By Press TV Staff Writer

Even though it stopped short of calling for a ceasefire in Gaza, the much-anticipated interim ruling by the International Court of Justice (ICJ) on Friday ordered the Israeli regime to prevent all acts that constitute genocide.

Israel must “take all measures possible to prevent acts under Article II of the 1948 Genocide Convention in relation to Palestinians in Gaza,” which includes killings and inflicting physical or material harm, stated the ruling.

The Tel Aviv regime, it further noted, must ensure its military does not carry out any of the above actions and must prevent and punish “the direct and public incitement to commit genocide” against Palestinians in Gaza.”

Two days after the ruling was announced by the top UN court based in The Hague, the genocidal war perpetuated by Israel on Gaza continues and Palestinians continue to be killed in cold blood and through deliberate starvation.
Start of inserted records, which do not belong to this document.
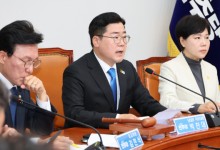 박찬대 "한덕수, 5년치 보은 인사 알박기…월권 도 넘어"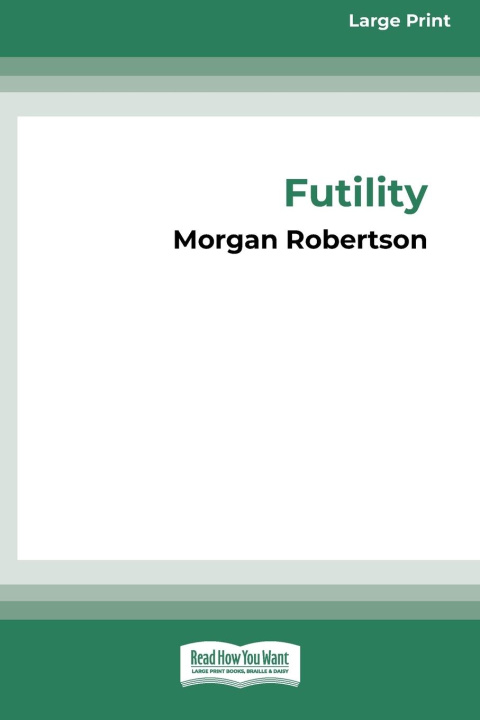 Книга Futility 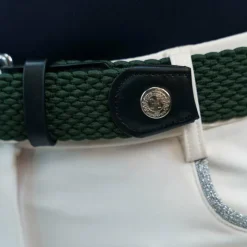 Harcour - Ceinture Brume kaki Vert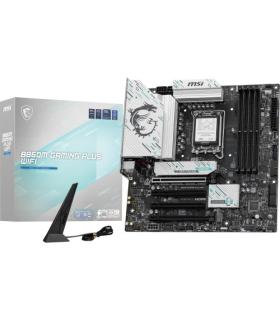 PLACA MSI B860M GAMING PLUS WIFI,INTEL,1851,B860,4DDR5,USB 10GBPS,WIFI,MATX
So far, according to the Gaza health ministry, 26,257 people have been killed and at least 64,797 others wounded in Gaza, most of them children and women. Many more remain trapped under the rubble, unaccounted for.

In the last 24 hours alone, Israeli regime forces reportedly killed at least 174 Palestinians and injured 310 others in the besieged coastal strip that has been rendered “uninhabitable”, according to the United Nations.
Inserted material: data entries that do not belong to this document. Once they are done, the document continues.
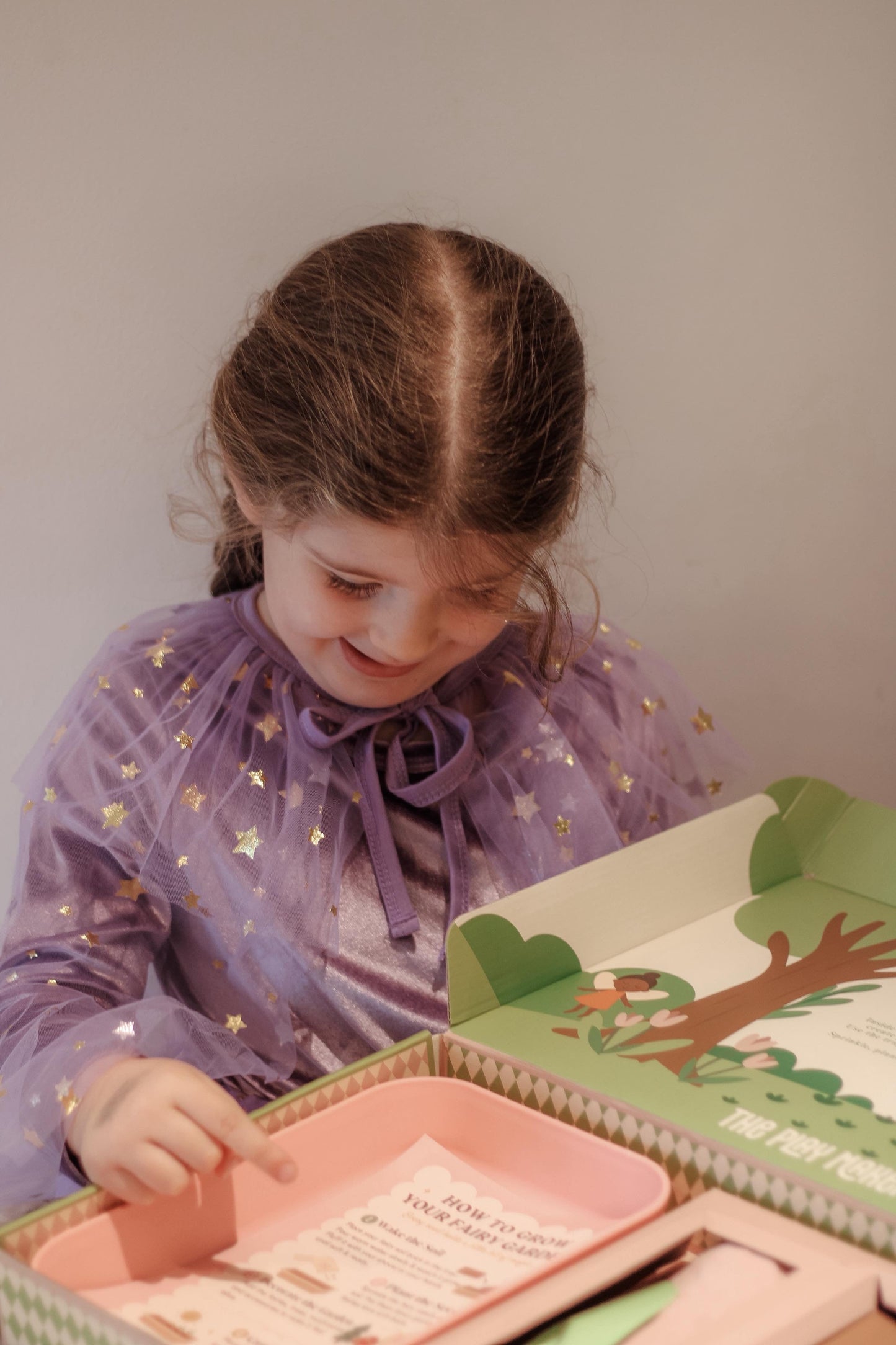 Fairy Garden Kit for Kids | Creative Nature Play Set | Mucky Wolf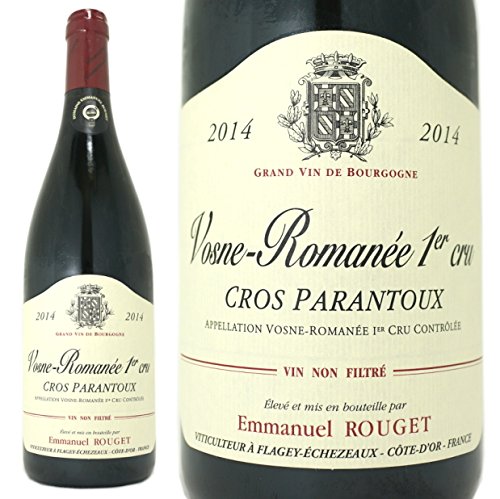 2014 H[k }l v~G N N pgD G}jG WF ԃC h 750ml Emmanuel Rouget Vosne Romanee 1er Cru Cros Parantoux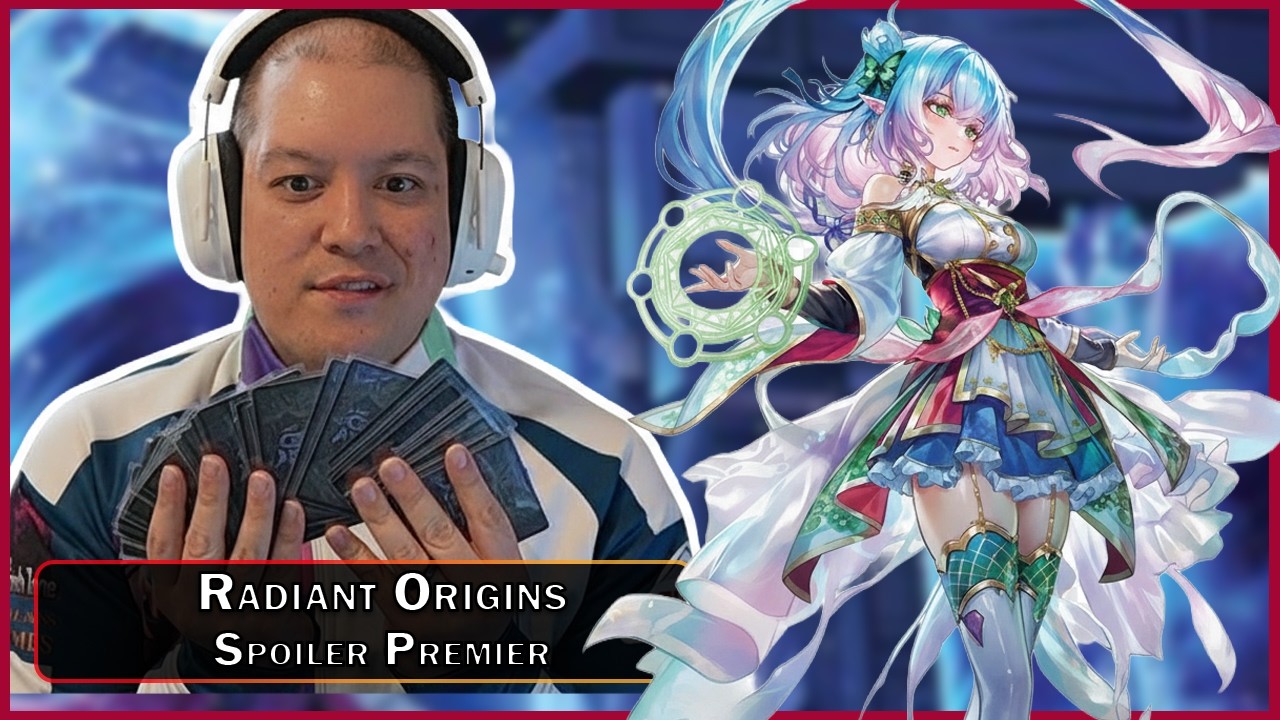 Drawing Cards is fun with awesome previews! Grand Archive TCG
Israeli regime’s attacks were in the last 24 hours reported in al-Bureij, Khan Younis, al-Maghazi, Shuja’iyya, al-Masdar, Beit Lahia, and east of Rafah.

Wafa news agency reported devastating strikes targeting residential houses and makeshift tents where internally displaced people have been sheltering in the heavily crowded Rafah, as well as Khan Younis.

The report said several dead bodies and wounded were brought to the Al-Aqsa Martyrs Hospital following intense Israeli airstrikes targeting several homes in Deir al-Balah in the central Gaza Strip.

The Palestinian Red Crescent Society also reported that Al-Amal Hospital in Khan Younis city remained under the siege of Israeli forces on Saturday, with many dead bodies brought there.

“For the third day in a row, Al-Amal Hospital suffers from repeated and numerous attacks and a siege after the occupation forces entered the surrounding areas, which hampers the work of ambulances and relief teams and puts them at high risk,” the report stated.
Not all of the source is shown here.